I take my Southwest Airlines check-in rituals very seriously. Southwest is one of the few airlines that does not assign seating or a boarding group in advance. (unless you pay for early bird @ $15)
Exactly 24 hours before your flight is scheduled to depart you can check-in to your flight and lock-in your boarding position. That position, assuming you didn’t book a business select fare, will be somewhere between A16 through C55.
If you are on the largest plane in the Southwest fleet, their 737-800 that seats 175 pax, the last person on a full flight would be C55. On their smallest 737-300, last person to step onto a full flight with 137 pax would be C17.
Seating on Southwest works in a first-come first-serve basis, AKA “open seating”. That means the only thing you can control is your boarding position by checking in EXACTLY at the 24 hour mark. If your flight is set to leave the following day at 5:00PM, you should be ready to check-in at 4:59PM, 24 hours in advance.
First things first, you can pay $15 per person per direction (one-way), for early bird check-in. You must purchase this more than 24 hours before your departure. If you are cheap like me, you won’t drop $15 to secure your boarding position. (Plus it is so much fun to rapidly click the check-in button at the 24 hour mark like you are playing a game of Asteroids.)
Here is what NOT to do. If you are checking in multiple people at the same time, make sure to use separate browsing sessions. If you, your spouse, and a kiddo are flying on the same flight, you will EACH have to check-in for your flight at the 24 hour mark.
A few weeks ago on our quarterly trip back to Sacramento, I attempted to check Alyssa and I into our flight using two Chrome browsing windows, bad idea. As someone who works for a web-based company, please don’t hold this mistake against me. (that 24 hour excitement clearly didn’t have me thinking straight)
Without realizing, I checked myself in scoring an A60 spot in line, however Alyssa was never checked in. Southwest refreshed both check-in pages with my details because I clicked the “check-in” button on my window first. It took about two minutes to realize what had happened, by then the damage was done. Alyssa was slapped with a B28 boarding position. (fortunately, we were able to sit by one another)

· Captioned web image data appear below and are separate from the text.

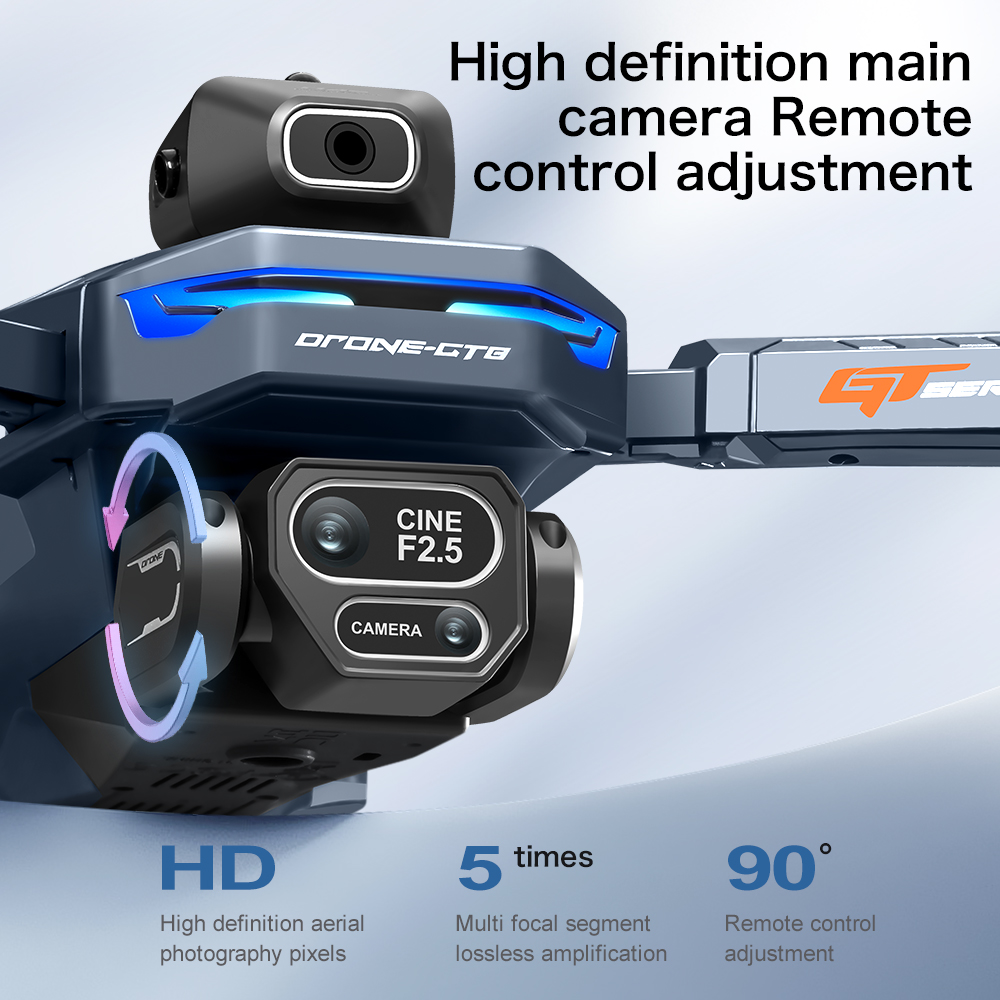2026 New GT8 Drone GPS 8K Prof - Drone Gimbal Brushless บทวิจารณ์และราคา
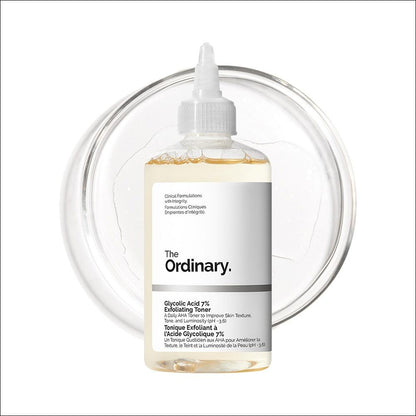 The Ordinary Glycolic Acid 7% Exfoliating Toner, 240ml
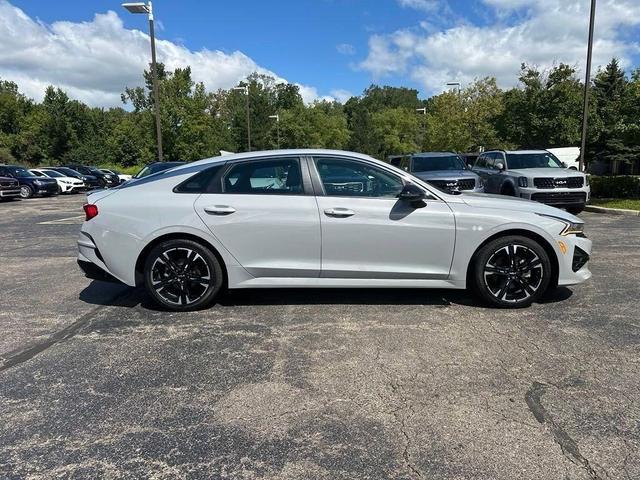 2024 kia k5 gt-line
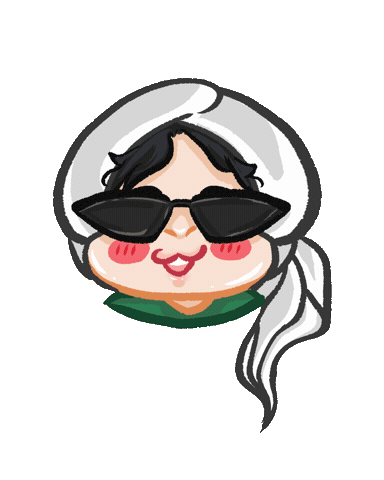 Apo Sticker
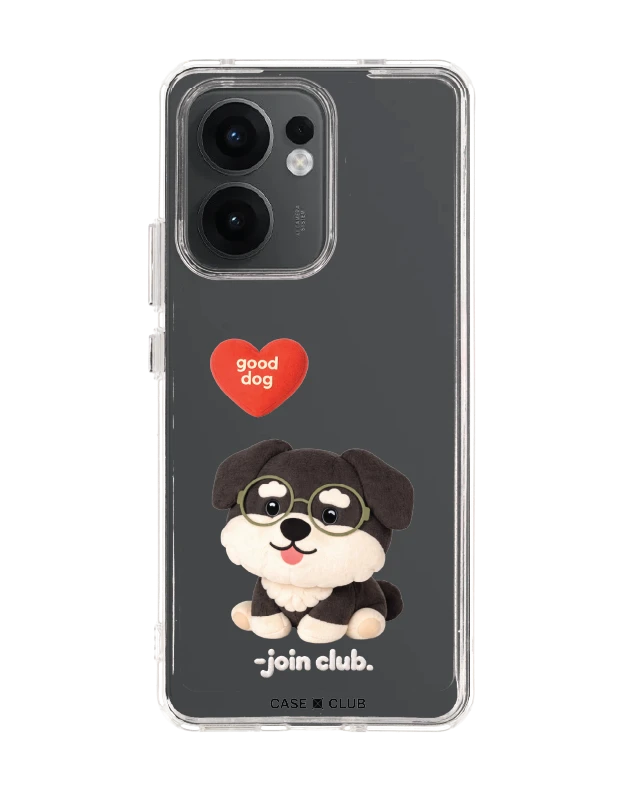 เคสใส oppo reno 13f join the club heartful ชเนาเซอร์
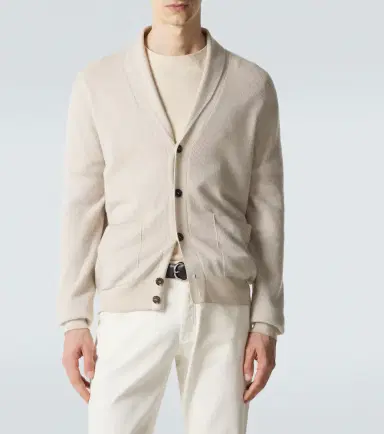 Brioni Cashmere and wool cardigan | Thumbnail 4 Brioni Cashmere and wool cardigan | Thumbnail 4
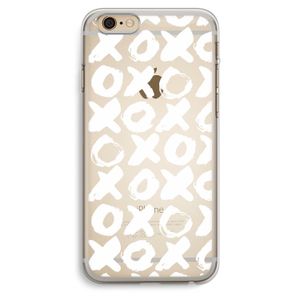 XOXO: iPhone 6 Plus / 6S Plus Transparant Hoesje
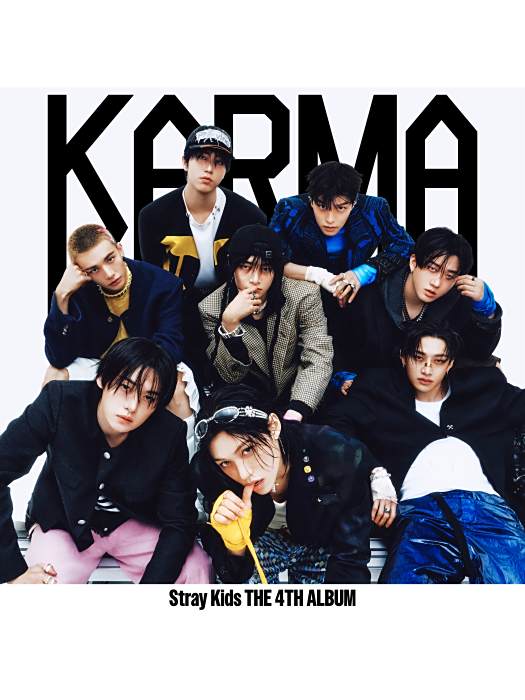 KARMA(2025年Stray Kids發行的正規4輯) KARMA(2025年Stray Kids發行的正規4輯)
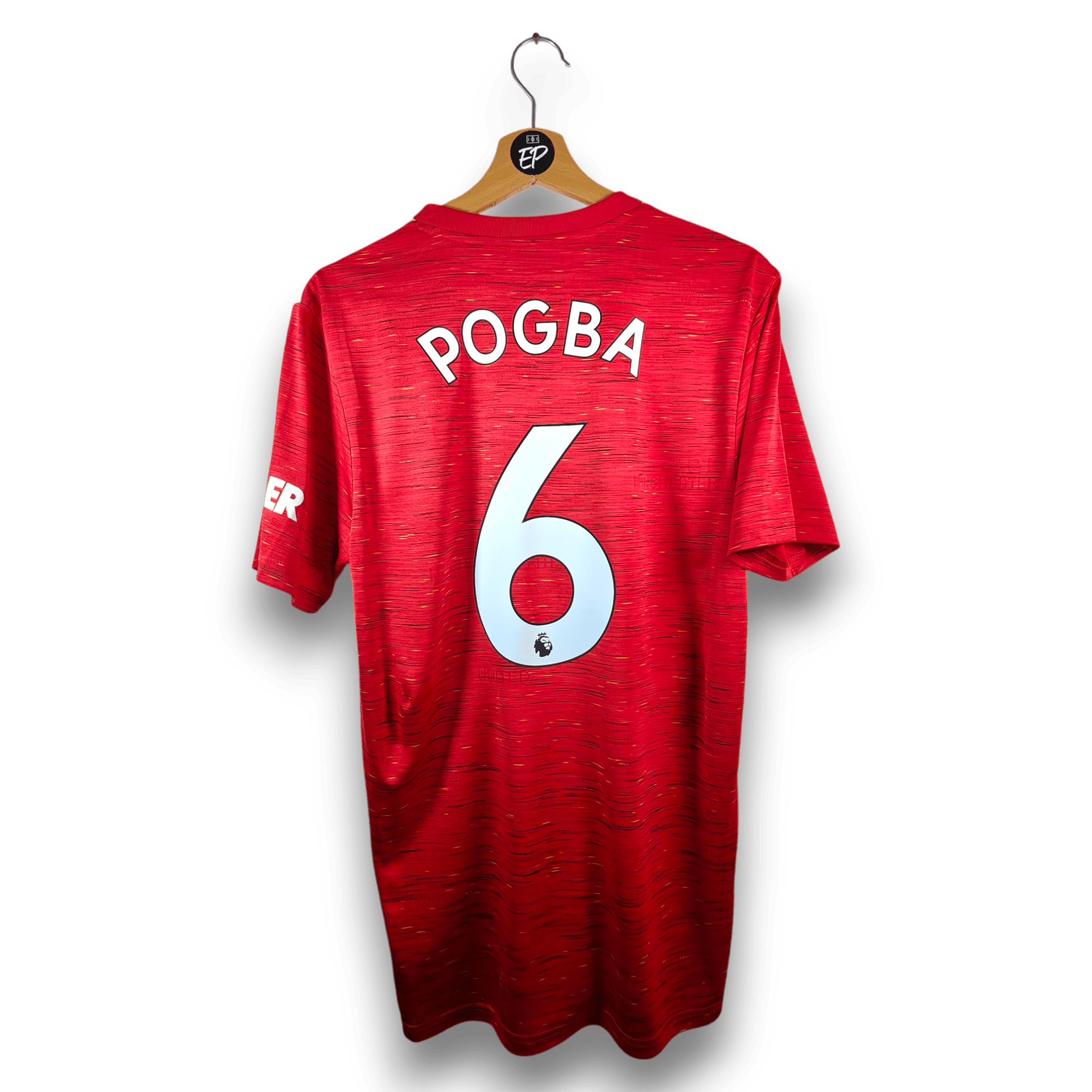2020 - 21 Manchester United Home Shirt Pogba 6 - BNWT - (M) - Eternal Pitch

I felt bad because I immediately (two minutes later), realized why the webpage had wigged out. Some secure websites don’t like two instances open at once.
Moral of the story, make sure you are using separate browsers for each passenger if doing bulk check-in; IE: one person in Chrome and the other in Firefox. Another option would be to open a second incognito window which starts a NEW private browsing session. Never again.